• Exercise requirements:
Your reply should reproduce the data below without a single alteration, apart from dropping the images.

=== Collected data ===

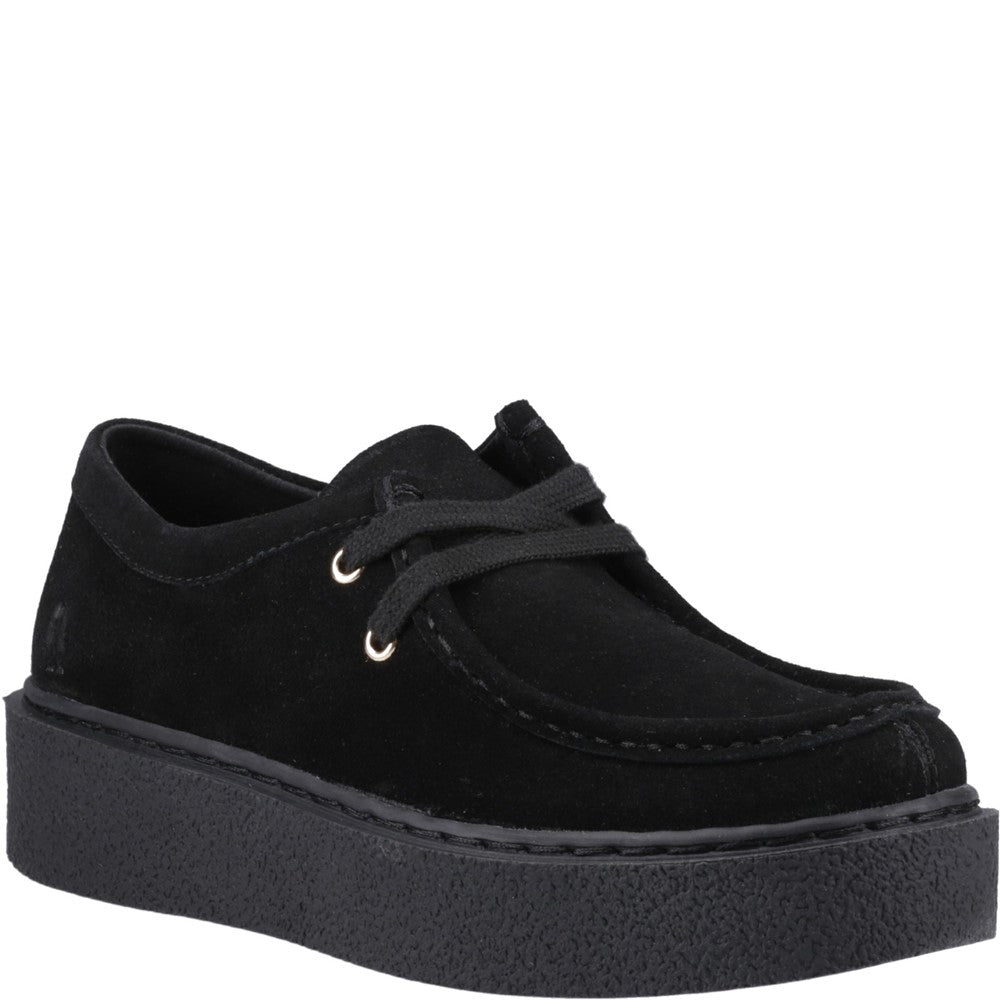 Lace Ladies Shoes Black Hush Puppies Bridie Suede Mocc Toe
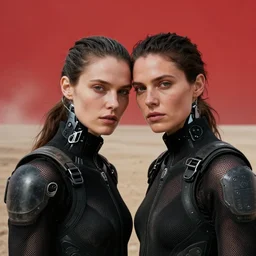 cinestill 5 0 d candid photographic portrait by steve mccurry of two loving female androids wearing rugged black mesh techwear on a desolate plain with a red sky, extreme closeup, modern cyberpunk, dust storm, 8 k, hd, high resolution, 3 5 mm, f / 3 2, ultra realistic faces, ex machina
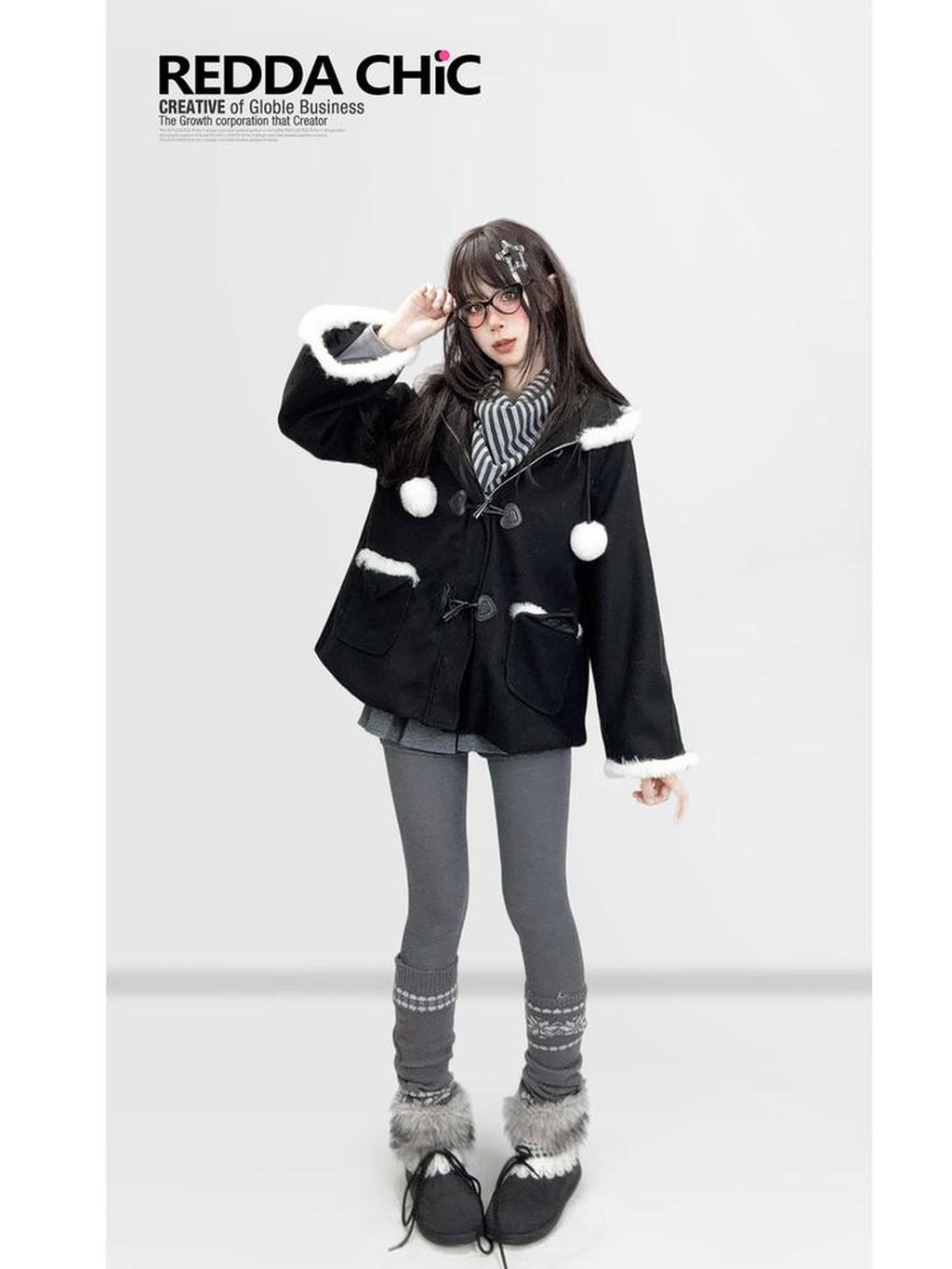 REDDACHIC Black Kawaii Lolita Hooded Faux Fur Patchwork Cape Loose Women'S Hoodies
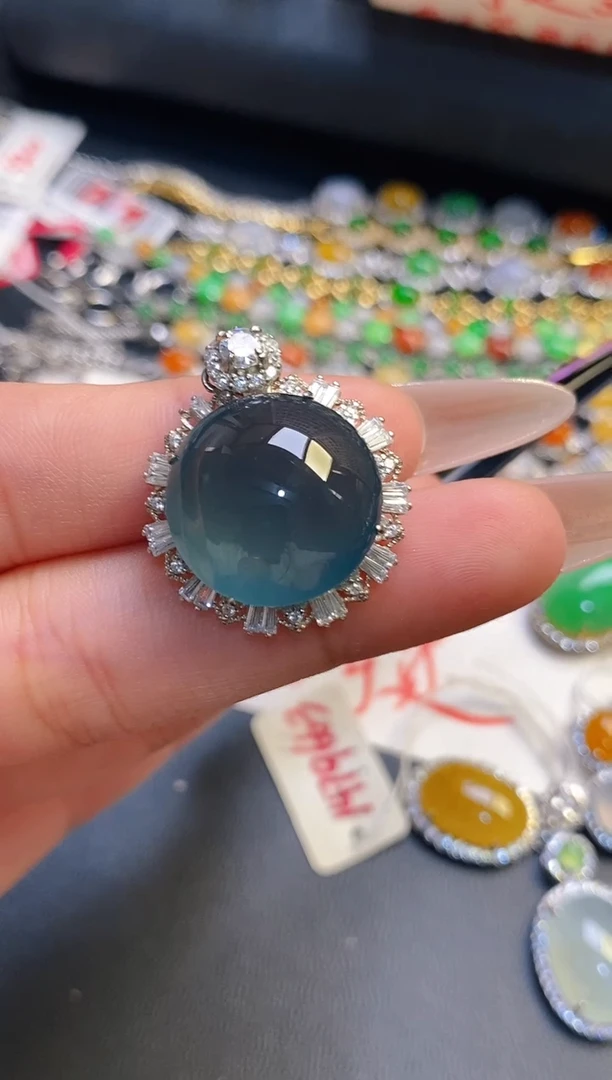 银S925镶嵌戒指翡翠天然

===

• Solution to this exercise:
 Lace Ladies Shoes Black Hush Puppies Bridie Suede Mocc Toe
 cinestill 5 0 d candid photographic portrait by steve mccurry of two loving female androids wearing rugged black mesh techwear on a desolate plain with a red sky, extreme closeup, modern cyberpunk, dust storm, 8 k, hd, high resolution, 3 5 mm, f / 3 2, ultra realistic faces, ex machina
 REDDACHIC Black Kawaii Lolita Hooded Faux Fur Patchwork Cape Loose Women'S Hoodies
 银S925镶嵌戒指翡翠天然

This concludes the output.